** Exercise inputs follows **

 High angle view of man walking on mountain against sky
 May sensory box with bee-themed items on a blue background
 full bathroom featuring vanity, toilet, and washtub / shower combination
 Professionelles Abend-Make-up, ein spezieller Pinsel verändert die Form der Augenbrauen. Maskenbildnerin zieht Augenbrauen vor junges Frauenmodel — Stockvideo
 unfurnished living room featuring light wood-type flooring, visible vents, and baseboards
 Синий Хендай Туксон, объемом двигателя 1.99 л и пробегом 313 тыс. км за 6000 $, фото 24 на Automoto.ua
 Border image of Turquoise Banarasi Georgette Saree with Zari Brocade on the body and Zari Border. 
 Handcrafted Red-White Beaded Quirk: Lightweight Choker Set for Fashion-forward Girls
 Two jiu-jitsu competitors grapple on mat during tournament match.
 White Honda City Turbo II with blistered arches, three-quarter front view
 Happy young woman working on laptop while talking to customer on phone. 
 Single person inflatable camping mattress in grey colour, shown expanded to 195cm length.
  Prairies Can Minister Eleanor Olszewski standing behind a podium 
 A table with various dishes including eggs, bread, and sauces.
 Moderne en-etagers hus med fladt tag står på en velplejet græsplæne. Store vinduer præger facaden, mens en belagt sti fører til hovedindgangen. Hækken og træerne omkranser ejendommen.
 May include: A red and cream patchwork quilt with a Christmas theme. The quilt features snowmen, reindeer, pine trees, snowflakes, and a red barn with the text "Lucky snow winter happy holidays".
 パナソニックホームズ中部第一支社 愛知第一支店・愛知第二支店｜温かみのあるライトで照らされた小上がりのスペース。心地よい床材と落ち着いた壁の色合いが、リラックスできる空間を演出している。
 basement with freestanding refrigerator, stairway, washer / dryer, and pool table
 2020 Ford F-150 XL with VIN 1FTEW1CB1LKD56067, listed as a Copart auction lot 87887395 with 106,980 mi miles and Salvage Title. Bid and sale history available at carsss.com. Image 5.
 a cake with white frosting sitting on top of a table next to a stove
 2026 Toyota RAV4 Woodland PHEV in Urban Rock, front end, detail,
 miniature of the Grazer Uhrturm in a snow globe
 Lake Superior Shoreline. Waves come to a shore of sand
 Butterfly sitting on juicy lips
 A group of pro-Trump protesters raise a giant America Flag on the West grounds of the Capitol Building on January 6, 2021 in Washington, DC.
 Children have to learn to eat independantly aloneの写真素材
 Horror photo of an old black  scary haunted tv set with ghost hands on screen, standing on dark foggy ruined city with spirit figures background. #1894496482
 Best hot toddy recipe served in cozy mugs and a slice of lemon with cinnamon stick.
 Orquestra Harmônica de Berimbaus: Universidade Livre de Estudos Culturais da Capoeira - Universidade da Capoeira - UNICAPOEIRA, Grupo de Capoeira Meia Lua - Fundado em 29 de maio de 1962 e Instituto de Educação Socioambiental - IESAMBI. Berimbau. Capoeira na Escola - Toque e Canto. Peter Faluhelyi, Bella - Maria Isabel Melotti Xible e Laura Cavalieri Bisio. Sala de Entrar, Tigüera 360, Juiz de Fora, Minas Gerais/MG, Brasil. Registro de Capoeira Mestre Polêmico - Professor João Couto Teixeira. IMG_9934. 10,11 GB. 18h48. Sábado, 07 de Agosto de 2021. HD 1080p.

** End of Exercise inputs **

Exercise: Make an exact transcription of the entries.

Solution to this problem:
 High angle view of man walking on mountain against sky
 May sensory box with bee-themed items on a blue background
 full bathroom featuring vanity, toilet, and washtub / shower combination
 Professionelles Abend-Make-up, ein spezieller Pinsel verändert die Form der Augenbrauen. Maskenbildnerin zieht Augenbrauen vor junges Frauenmodel — Stockvideo
 unfurnished living room featuring light wood-type flooring, visible vents, and baseboards
 Синий Хендай Туксон, объемом двигателя 1.99 л и пробегом 313 тыс. км за 6000 $, фото 24 на Automoto.ua
 Border image of Turquoise Banarasi Georgette Saree with Zari Brocade on the body and Zari Border. 
 Handcrafted Red-White Beaded Quirk: Lightweight Choker Set for Fashion-forward Girls
 Two jiu-jitsu competitors grapple on mat during tournament match.
 White Honda City Turbo II with blistered arches, three-quarter front view
 Happy young woman working on laptop while talking to customer on phone. 
 Single person inflatable camping mattress in grey colour, shown expanded to 195cm length.
  Prairies Can Minister Eleanor Olszewski standing behind a podium 
 A table with various dishes including eggs, bread, and sauces.
 Moderne en-etagers hus med fladt tag står på en velplejet græsplæne. Store vinduer præger facaden, mens en belagt sti fører til hovedindgangen. Hækken og træerne omkranser ejendommen.
 May include: A red and cream patchwork quilt with a Christmas theme. The quilt features snowmen, reindeer, pine trees, snowflakes, and a red barn with the text "Lucky snow winter happy holidays".
 パナソニックホームズ中部第一支社 愛知第一支店・愛知第二支店｜温かみのあるライトで照らされた小上がりのスペース。心地よい床材と落ち着いた壁の色合いが、リラックスできる空間を演出している。
 basement with freestanding refrigerator, stairway, washer / dryer, and pool table
 2020 Ford F-150 XL with VIN 1FTEW1CB1LKD56067, listed as a Copart auction lot 87887395 with 106,980 mi miles and Salvage Title. Bid and sale history available at carsss.com. Image 5.
 a cake with white frosting sitting on top of a table next to a stove
 2026 Toyota RAV4 Woodland PHEV in Urban Rock, front end, detail,
 miniature of the Grazer Uhrturm in a snow globe
 Lake Superior Shoreline. Waves come to a shore of sand
 Butterfly sitting on juicy lips
 A group of pro-Trump protesters raise a giant America Flag on the West grounds of the Capitol Building on January 6, 2021 in Washington, DC.
 Children have to learn to eat independantly aloneの写真素材
 Horror photo of an old black  scary haunted tv set with ghost hands on screen, standing on dark foggy ruined city with spirit figures background. #1894496482
 Best hot toddy recipe served in cozy mugs and a slice of lemon with cinnamon stick.
 Orquestra Harmônica de Berimbaus: Universidade Livre de Estudos Culturais da Capoeira - Universidade da Capoeira - UNICAPOEIRA, Grupo de Capoeira Meia Lua - Fundado em 29 de maio de 1962 e Instituto de Educação Socioambiental - IESAMBI. Berimbau. Capoeira na Escola - Toque e Canto. Peter Faluhelyi, Bella - Maria Isabel Melotti Xible e Laura Cavalieri Bisio. Sala de Entrar, Tigüera 360, Juiz de Fora, Minas Gerais/MG, Brasil. Registro de Capoeira Mestre Polêmico - Professor João Couto Teixeira. IMG_9934. 10,11 GB. 18h48. Sábado, 07 de Agosto de 2021. HD 1080p.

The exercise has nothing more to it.